15:45: Talk on EuroGEOSS, another big European project, just about to kick off next month. It’s hard to get my head around these big interoperability projects: to the outsider, it’s hard to tell what the project will actually focus on.

16:00: I like the title of the next one: Herding Cats: The Challenges of Collaboratively Defining the Geology of Europe, presented by Kristine Asch.  Here’s her motivation: Rich data exists, it’s critical for society, but it’s hard to find, access, share, understand. There is an EU directive on this, called INSPIRE: Infrastructure for Spatial Information in Europe. Looks like the directive involves lots of working groups. Kristine is talking about OneGeology, a project to create an interoperable geological map of Europe. The challenge is that everyone currently maps their geological survey data in different (incompatible) ways. Here’s an example of how deep the problem goes: 20 people sitting around a table trying to reach agreement on what terms like “bedrock”  and “surface geology” mean. Lots of cultural challenges: 27 countries (each with their own geological survey organisation), 27 different standards, national pride, and everyone speaks different variants of English.

Question Session: here’s a good question – have they thought of bringing in any social scientists or anthropologists to study the communities involved in this, to ensure we learn appropriate lessons from the experience. Okay, I’m off on a tangent now, because this question reminded me of an old colleague, Susan Leigh Star, and I just discovered she has a book out that I somehow missed: Sorting Things Out: Classification and it’s consequences

16:30: A talk on Siberia. Actually, on the Siberian Integrated Regional Study, important because of the role of melting permafrost in Siberia and its effect as a climate feedback. The disappointing thing about this talk is that he’s talking a lot about creating web portals, and not much about the real challenges.

17:30: Okay, change of scenery. There’s a session on Education, Computational Methods and Complex Systems in Nonlinear Proceses in Geophysics. First talk by Jeffrey Johnson (prof of complexity science) is about eToile, a Social Intelligent ICT-System for very large scale education in complex systems. Jeff was instrumental a few years ago in setting up the Complex Systems Society. The idea behind eToile (see also related project: Assyst) is to change how we design a curriculum. Normally: define curriculum & learning outcomes, create course materials, deliver them, examine the students, mark exam scripts, and pass/fail/grade the students. This is enormously expensive, especially the bits that are proportional to the number of students (e.g. marking is linear in # of students). Can set up a web portal to provide curriculum and assessment, with semi-automated marking. But how do we provide appropriate learning resources for very large numbers of students to use? Solution: create a “resource ecology”, initially populated with some junk URLs. When students submit work, they also have to submit the web resources they used; these become part of the ecology, and links that many students find useful rise in the ecology. Also, stuff that gets outdated falls in value as fewer students use it, or if the curriculum changes, you get the same effect. Jeff argues that this is a much cheaper, more scaleable way of providing education. In the question session, he clarified: it’s only intended for grad students (who are sufficiently capable of self-study), and probably wouldn’t work for undergrads. Reminds me of some of the experiments we’ve played with on my grad courses with the students contributing web resources to our growing collection.

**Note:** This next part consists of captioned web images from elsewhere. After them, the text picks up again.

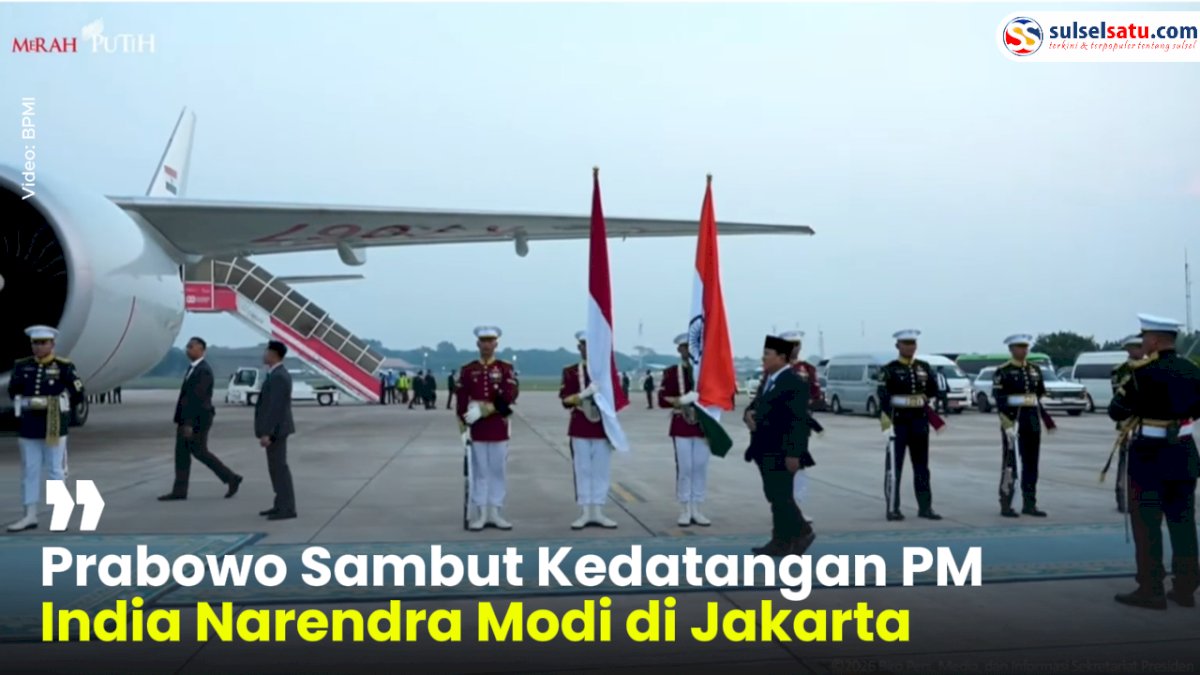 VIDEO: Prabowo Sambut Kedatangan PM India Narendra Modi di Jakarta
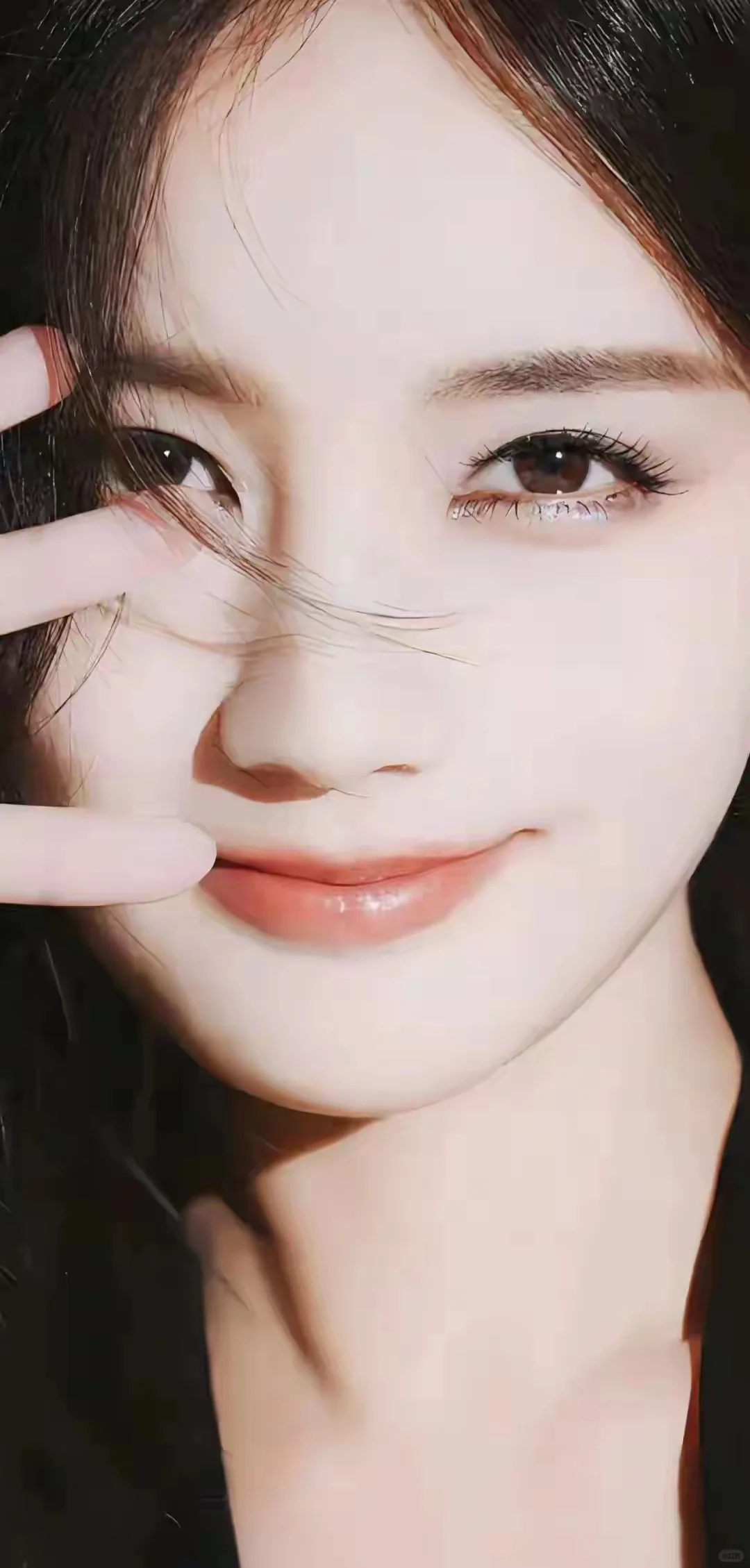 李一桐的写真集里，每一帧都绽放着独特魅力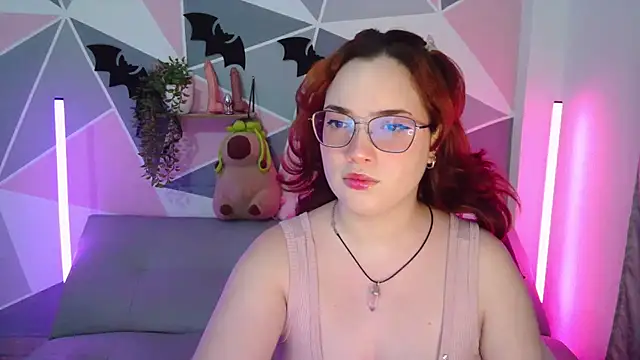 Snapshot of AndrewAnndCherry chatting on 7, 10, 2025 AndrewAnndCherry online show from 7, 10, 2025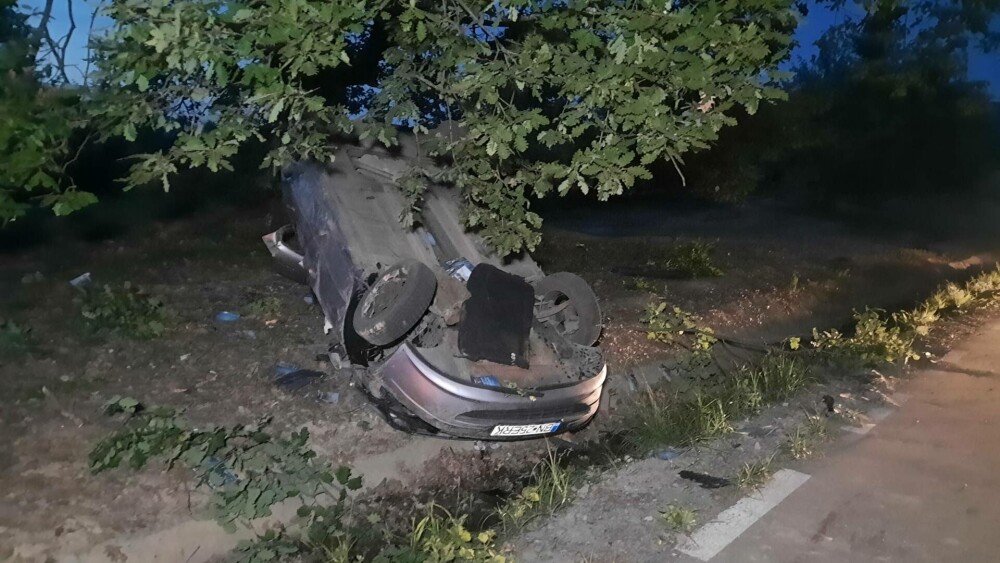 Cum s-a produs accidentul din Bistrița-Năsăud. Băiatul care a murit a furat mașina părinților și a plecat cu șapte prieteni - Imaginea 1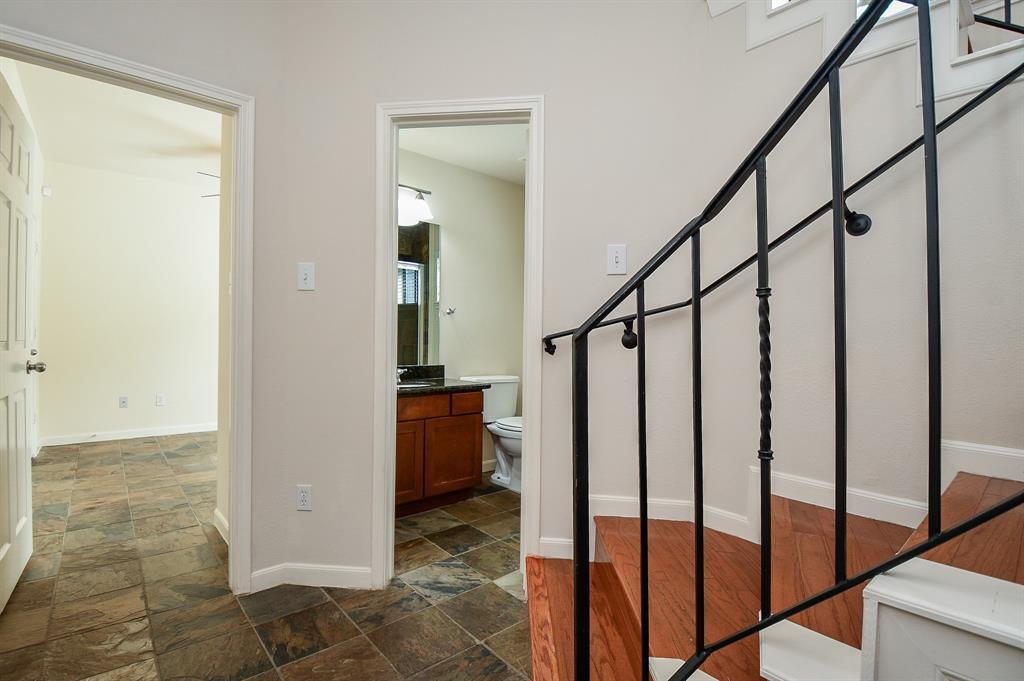 Building Photo - 4314 Koehler St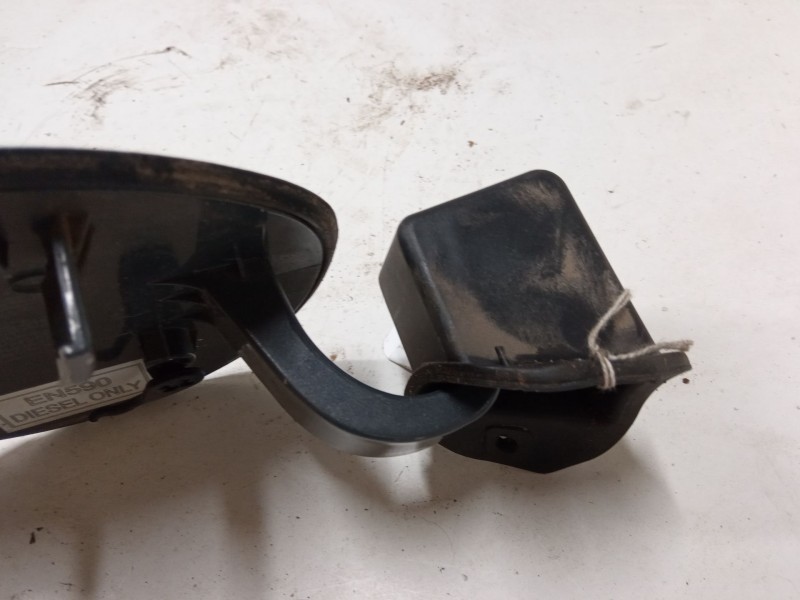 Recambio de tapa exterior combustible para chevrolet captiva (c100, c140) 2.0 d 4wd referencia OEM IAM   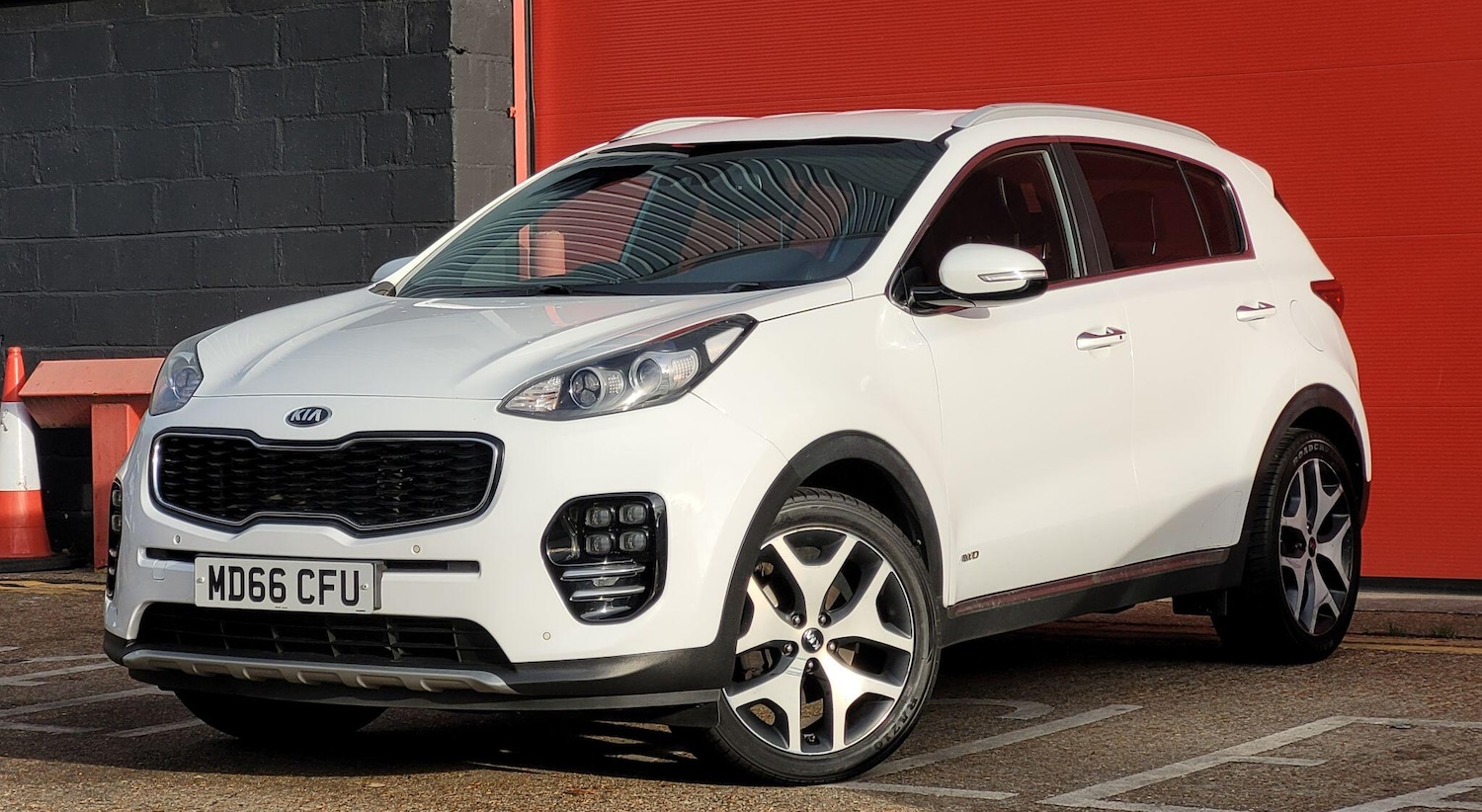 Used Kia Sportage 2017 for sale - 76831811: Photo 2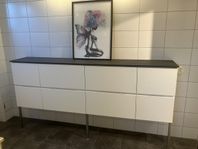 Avlastningsbord eller skänk KVIK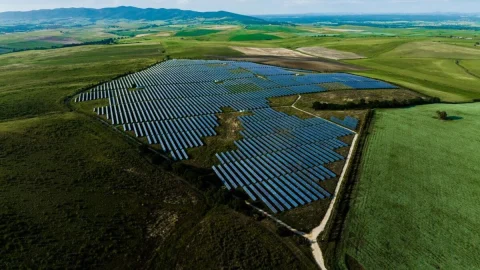 A2A e Siad insieme per la transizione energetica: accordo per un impianto fotovoltaico per energia rinnovabile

17:45: Next up: a talk on education around flood management. Big paradigm change, from fighting floods, where engineers are the dominant stakeholder, to “living with floods” when it becomes much more of a shared issue among many different kinds of stakeholder. Set up displays, with lots of cylinders of water, to help people visualize different flood levels. Lots of hands on learning to get stakeholders to take ownership of the problem.